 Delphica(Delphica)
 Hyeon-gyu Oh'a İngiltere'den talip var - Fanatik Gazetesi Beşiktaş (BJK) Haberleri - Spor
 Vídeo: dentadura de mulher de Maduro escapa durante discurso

### Exercise brief
In full and without any edits, output the material above.

### Completed task
 Delphica(Delphica)
 Hyeon-gyu Oh'a İngiltere'den talip var - Fanatik Gazetesi Beşiktaş (BJK) Haberleri - Spor
 Vídeo: dentadura de mulher de Maduro escapa durante discurso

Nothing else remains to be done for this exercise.